Requirement: Verbatim copy, pictures excluded: every line from the one with "Ovalada Pegatina Cowboy" through the final line of the data below, and no other line.

Records for this exercise:
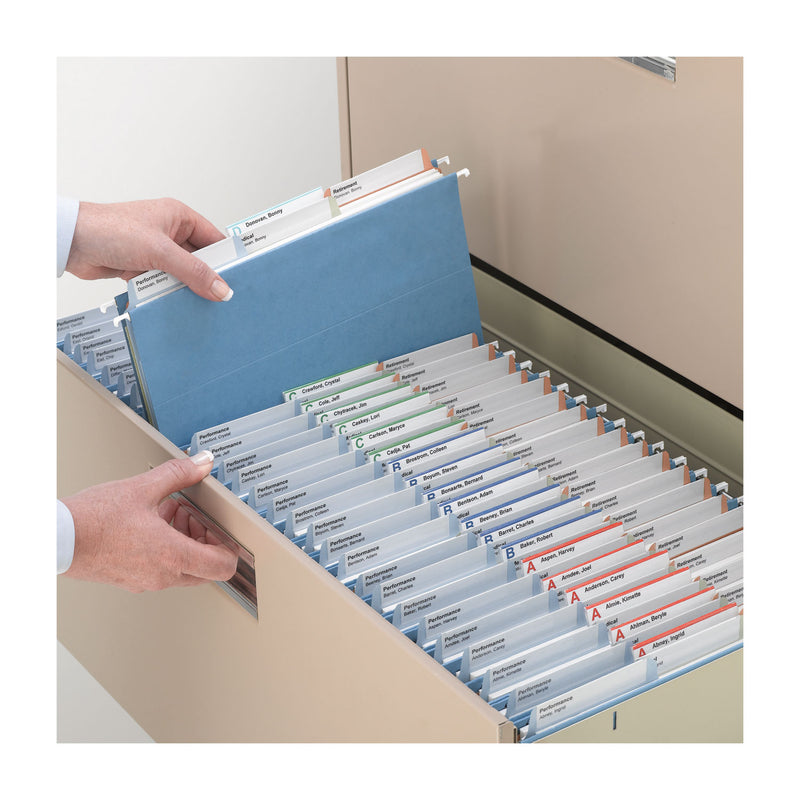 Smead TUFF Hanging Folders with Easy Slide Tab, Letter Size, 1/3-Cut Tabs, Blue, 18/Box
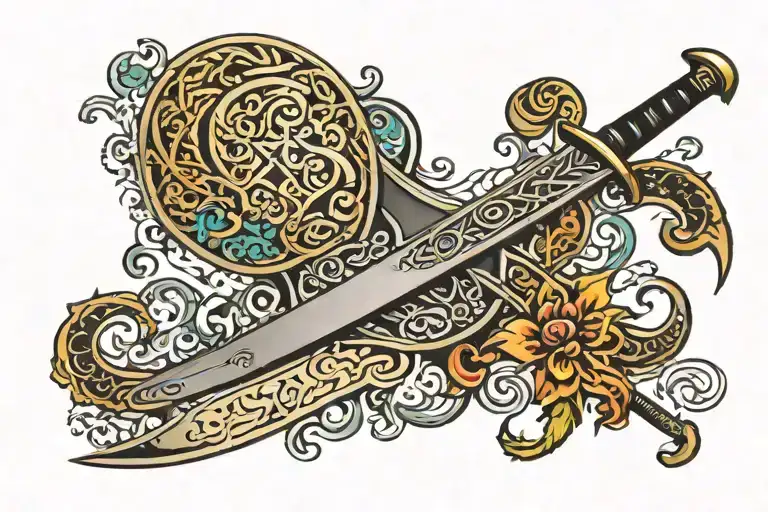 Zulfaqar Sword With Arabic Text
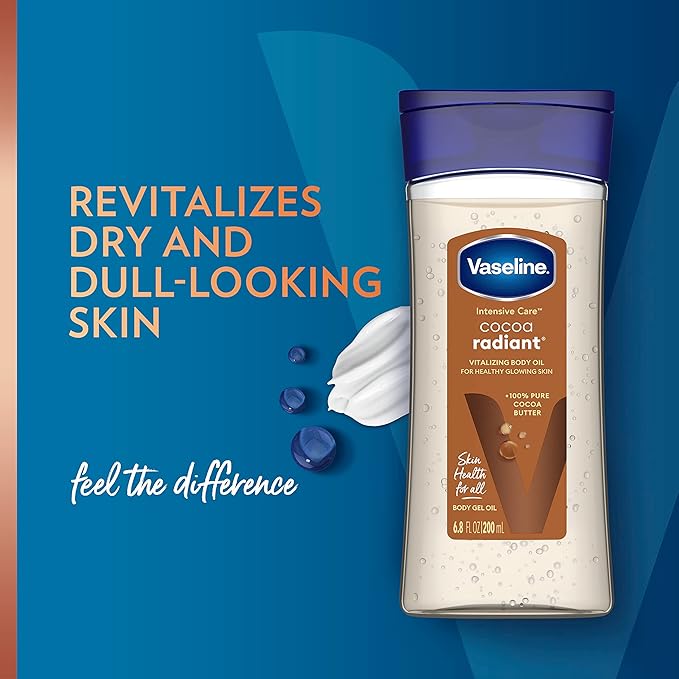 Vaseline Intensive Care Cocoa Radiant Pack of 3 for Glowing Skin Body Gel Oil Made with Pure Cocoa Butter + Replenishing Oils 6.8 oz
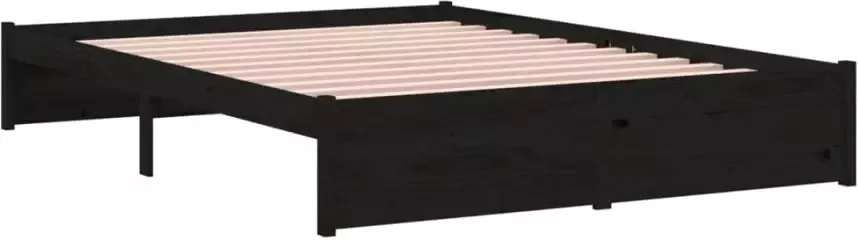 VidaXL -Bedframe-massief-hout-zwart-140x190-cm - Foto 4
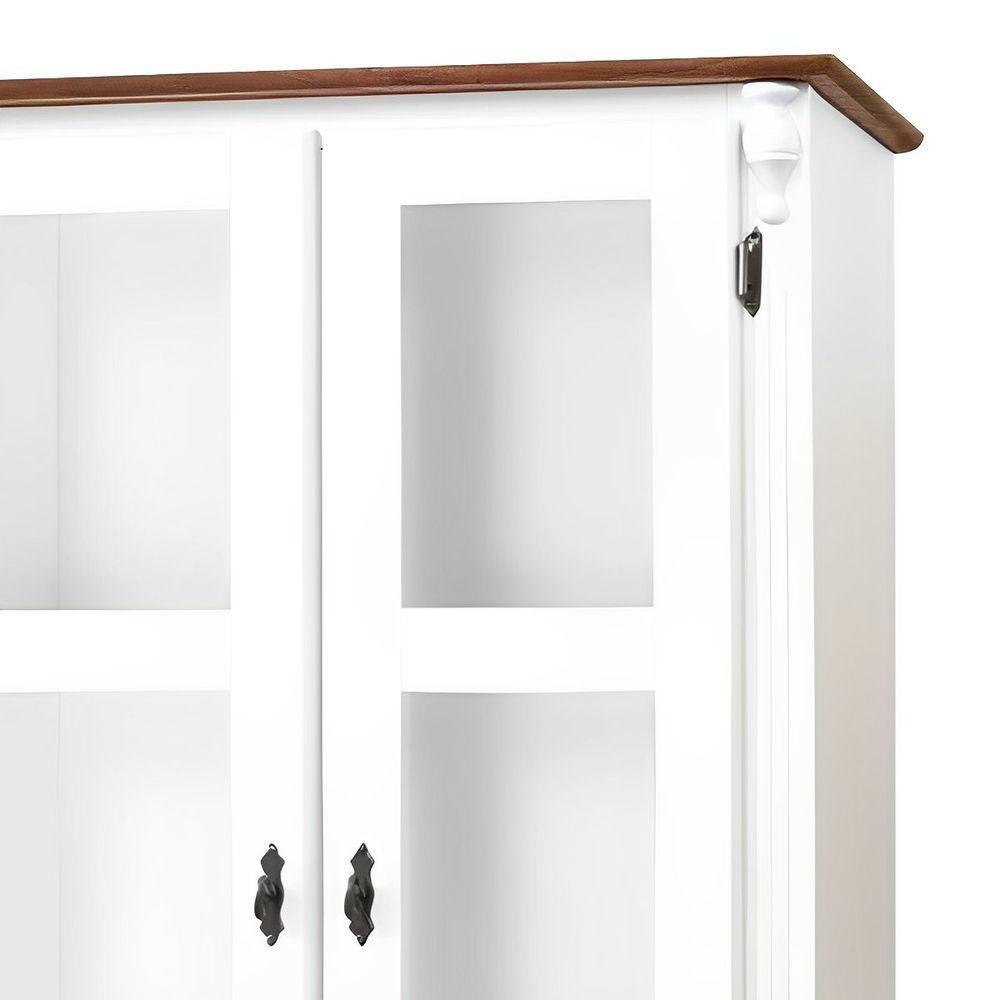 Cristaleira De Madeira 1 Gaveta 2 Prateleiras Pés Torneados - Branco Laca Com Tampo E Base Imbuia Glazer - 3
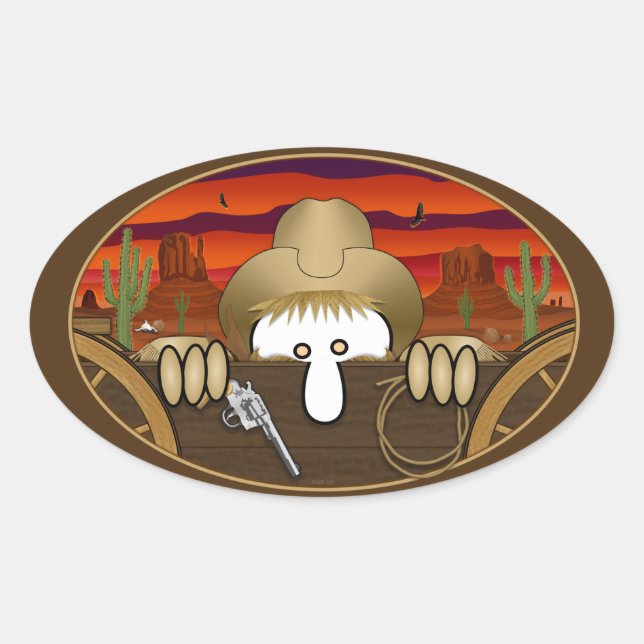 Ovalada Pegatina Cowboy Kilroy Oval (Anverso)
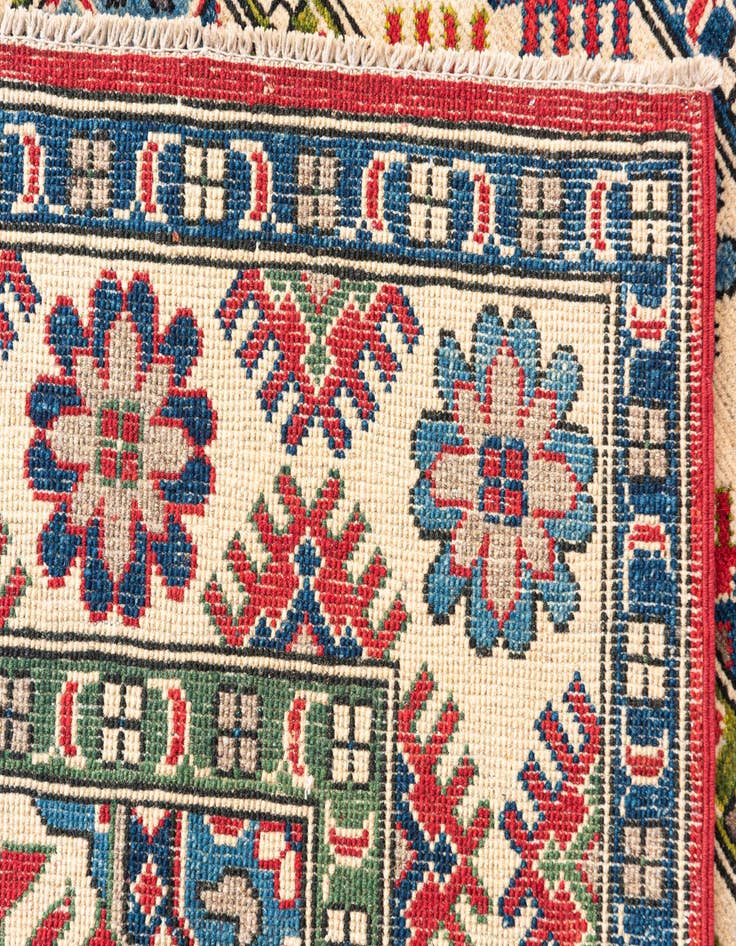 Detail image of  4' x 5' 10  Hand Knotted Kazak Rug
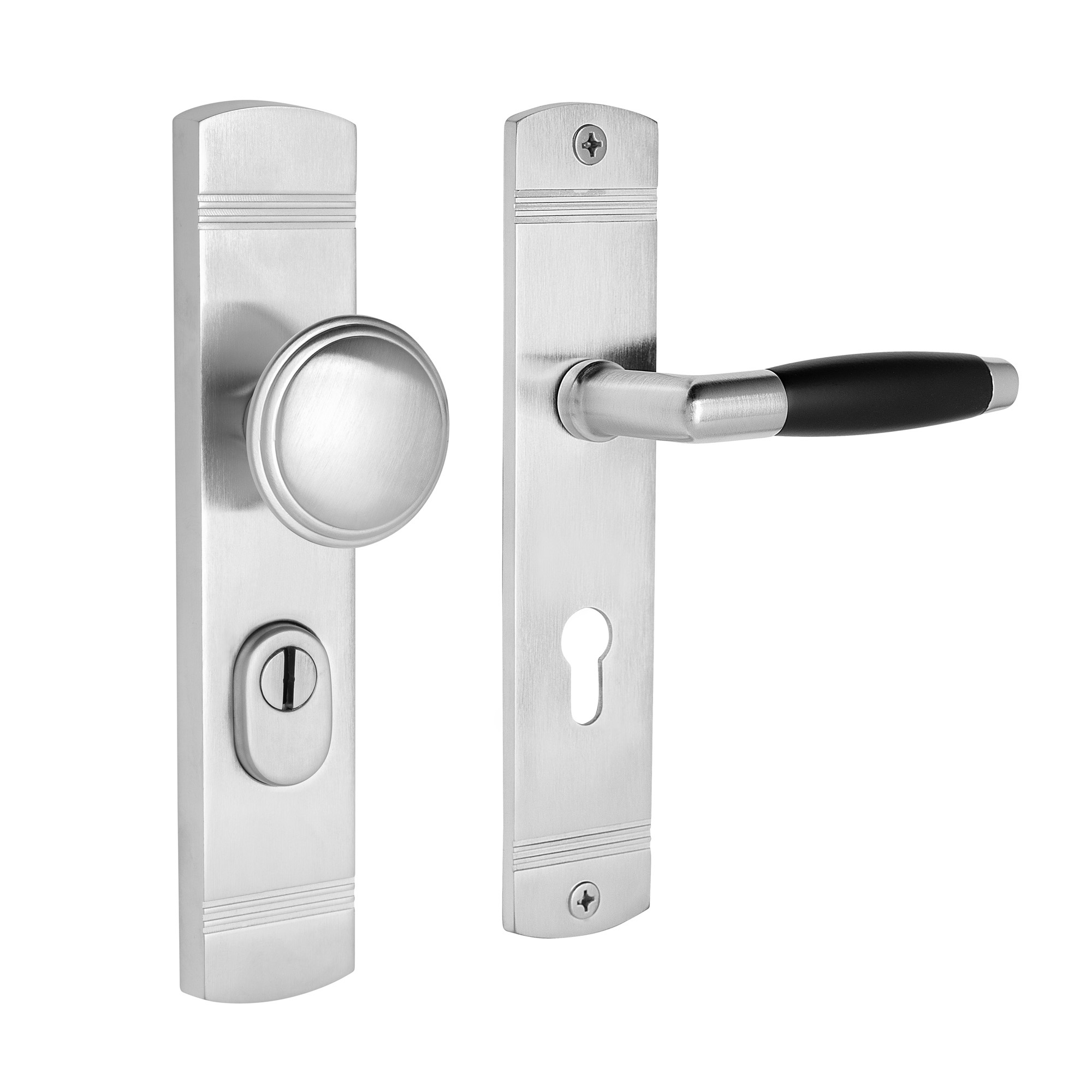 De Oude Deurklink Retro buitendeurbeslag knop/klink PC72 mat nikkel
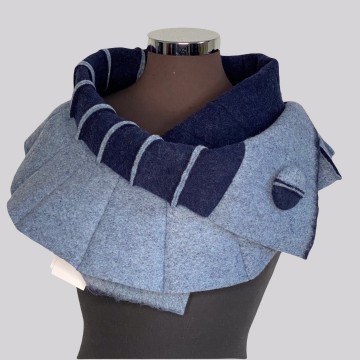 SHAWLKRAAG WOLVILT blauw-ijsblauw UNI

Reply to the task:
 Ovalada Pegatina Cowboy Kilroy Oval (Anverso)
 Detail image of  4' x 5' 10  Hand Knotted Kazak Rug
 De Oude Deurklink Retro buitendeurbeslag knop/klink PC72 mat nikkel
 SHAWLKRAAG WOLVILT blauw-ijsblauw UNI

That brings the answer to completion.